Exercise description: Copy out the data below from the line containing "东芝 E-STUDIO2000AC （FC-2000AC）" to the line containing "Appartamento in vendita a Venezia Marghera", both lines included, with all images left out.

Records:
• • • • • • •
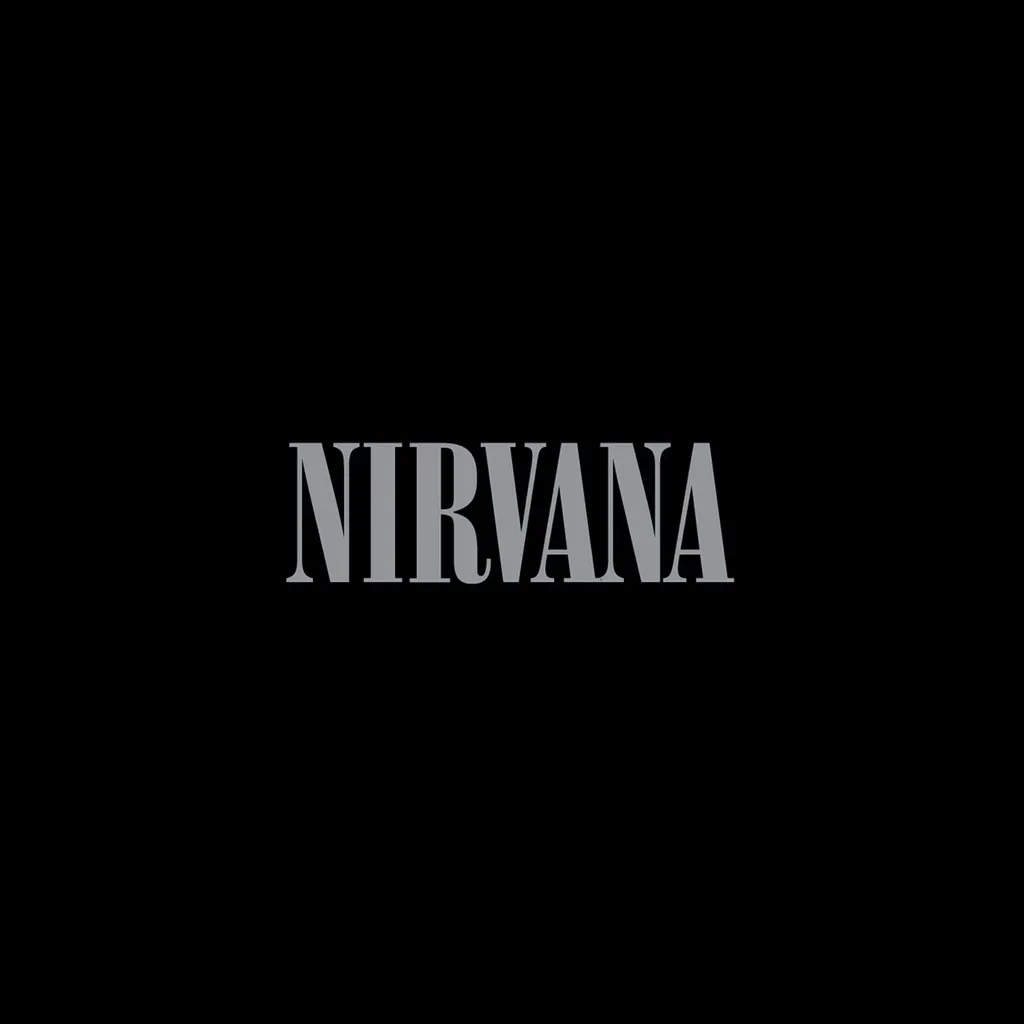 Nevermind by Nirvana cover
• • • • • • •
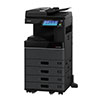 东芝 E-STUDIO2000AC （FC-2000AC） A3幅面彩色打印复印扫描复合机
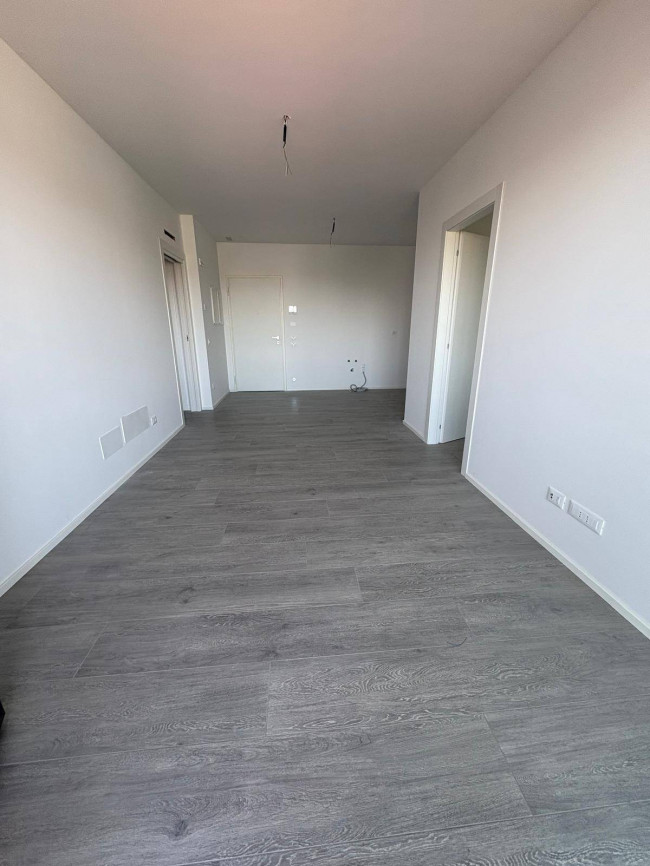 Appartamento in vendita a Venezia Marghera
• • • • • • •
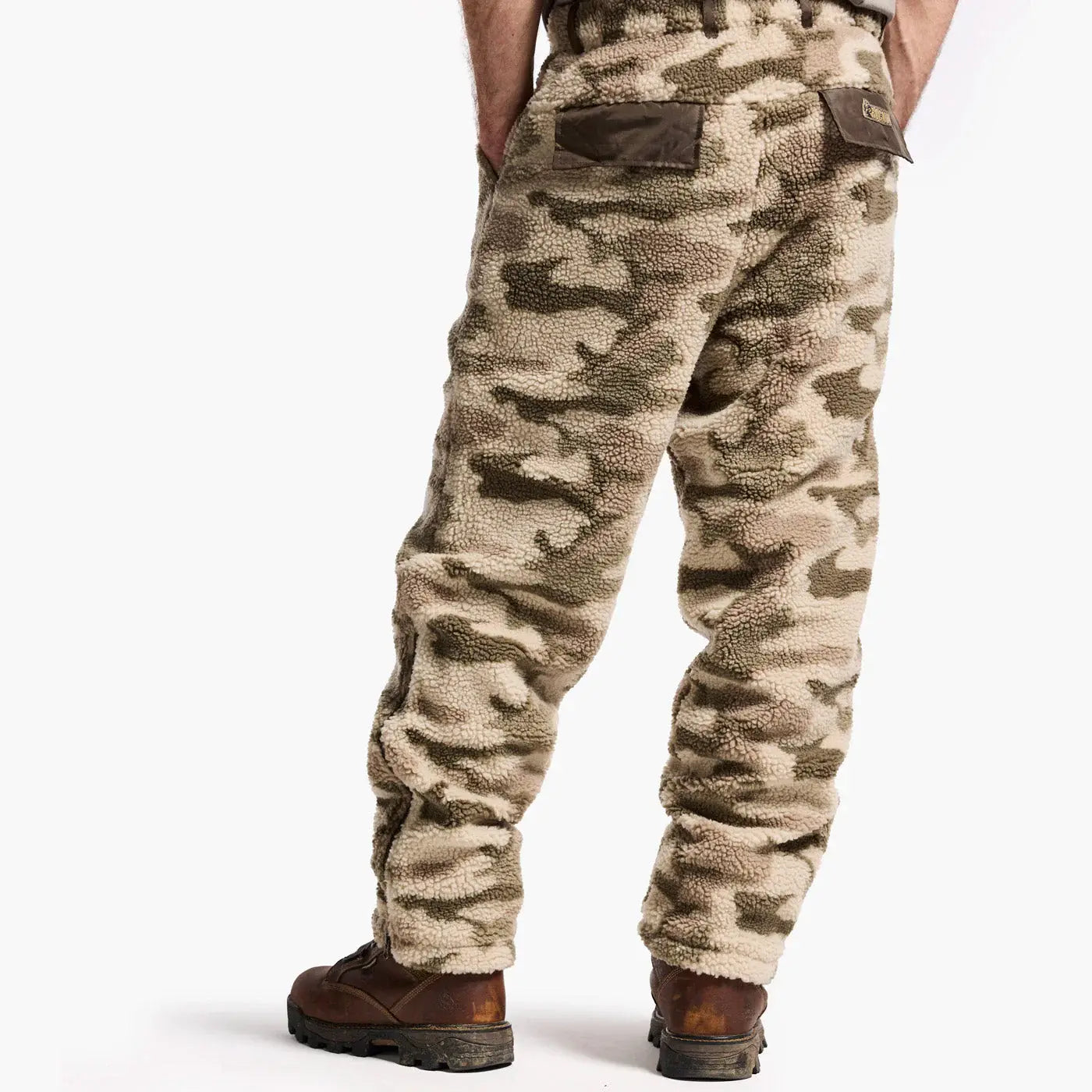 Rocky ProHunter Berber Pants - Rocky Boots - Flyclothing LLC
• • • • • • •
Reply to the exercise:
 东芝 E-STUDIO2000AC （FC-2000AC） A3幅面彩色打印复印扫描复合机
 Appartamento in vendita a Venezia Marghera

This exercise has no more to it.